(Items from a data source)
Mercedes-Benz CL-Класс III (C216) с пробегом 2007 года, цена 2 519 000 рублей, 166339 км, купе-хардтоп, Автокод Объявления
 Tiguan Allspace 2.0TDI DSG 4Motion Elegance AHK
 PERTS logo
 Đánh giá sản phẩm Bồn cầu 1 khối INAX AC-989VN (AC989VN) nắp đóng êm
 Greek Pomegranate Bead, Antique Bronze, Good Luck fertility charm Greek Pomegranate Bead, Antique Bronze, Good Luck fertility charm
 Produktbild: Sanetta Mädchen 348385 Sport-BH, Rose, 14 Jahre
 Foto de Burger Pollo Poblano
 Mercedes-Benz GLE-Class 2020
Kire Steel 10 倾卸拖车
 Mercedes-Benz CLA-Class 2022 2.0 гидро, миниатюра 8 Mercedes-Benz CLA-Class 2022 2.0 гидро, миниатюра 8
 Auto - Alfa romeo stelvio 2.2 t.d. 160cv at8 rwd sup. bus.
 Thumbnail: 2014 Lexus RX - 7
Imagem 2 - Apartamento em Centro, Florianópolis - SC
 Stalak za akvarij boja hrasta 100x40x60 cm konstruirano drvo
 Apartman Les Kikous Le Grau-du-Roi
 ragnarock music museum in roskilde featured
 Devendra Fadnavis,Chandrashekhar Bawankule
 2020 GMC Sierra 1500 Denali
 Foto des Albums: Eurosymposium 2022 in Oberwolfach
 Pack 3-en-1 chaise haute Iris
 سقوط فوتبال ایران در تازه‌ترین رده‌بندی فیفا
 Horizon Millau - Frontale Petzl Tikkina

**WHAT YOU HAVE TO DO**.
Output must be limited to the lines beginning with the one that contains "Đánh giá sản" and ending with the last line of the entries, reproduced exactly.

**EXERCISE RESPONSE**.
 Đánh giá sản phẩm Bồn cầu 1 khối INAX AC-989VN (AC989VN) nắp đóng êm
 Greek Pomegranate Bead, Antique Bronze, Good Luck fertility charm Greek Pomegranate Bead, Antique Bronze, Good Luck fertility charm
 Produktbild: Sanetta Mädchen 348385 Sport-BH, Rose, 14 Jahre
 Foto de Burger Pollo Poblano
 Mercedes-Benz GLE-Class 2020
Kire Steel 10 倾卸拖车
 Mercedes-Benz CLA-Class 2022 2.0 гидро, миниатюра 8 Mercedes-Benz CLA-Class 2022 2.0 гидро, миниатюра 8
 Auto - Alfa romeo stelvio 2.2 t.d. 160cv at8 rwd sup. bus.
 Thumbnail: 2014 Lexus RX - 7
Imagem 2 - Apartamento em Centro, Florianópolis - SC
 Stalak za akvarij boja hrasta 100x40x60 cm konstruirano drvo
 Apartman Les Kikous Le Grau-du-Roi
 ragnarock music museum in roskilde featured
 Devendra Fadnavis,Chandrashekhar Bawankule
 2020 GMC Sierra 1500 Denali
 Foto des Albums: Eurosymposium 2022 in Oberwolfach
 Pack 3-en-1 chaise haute Iris
 سقوط فوتبال ایران در تازه‌ترین رده‌بندی فیفا
 Horizon Millau - Frontale Petzl Tikkina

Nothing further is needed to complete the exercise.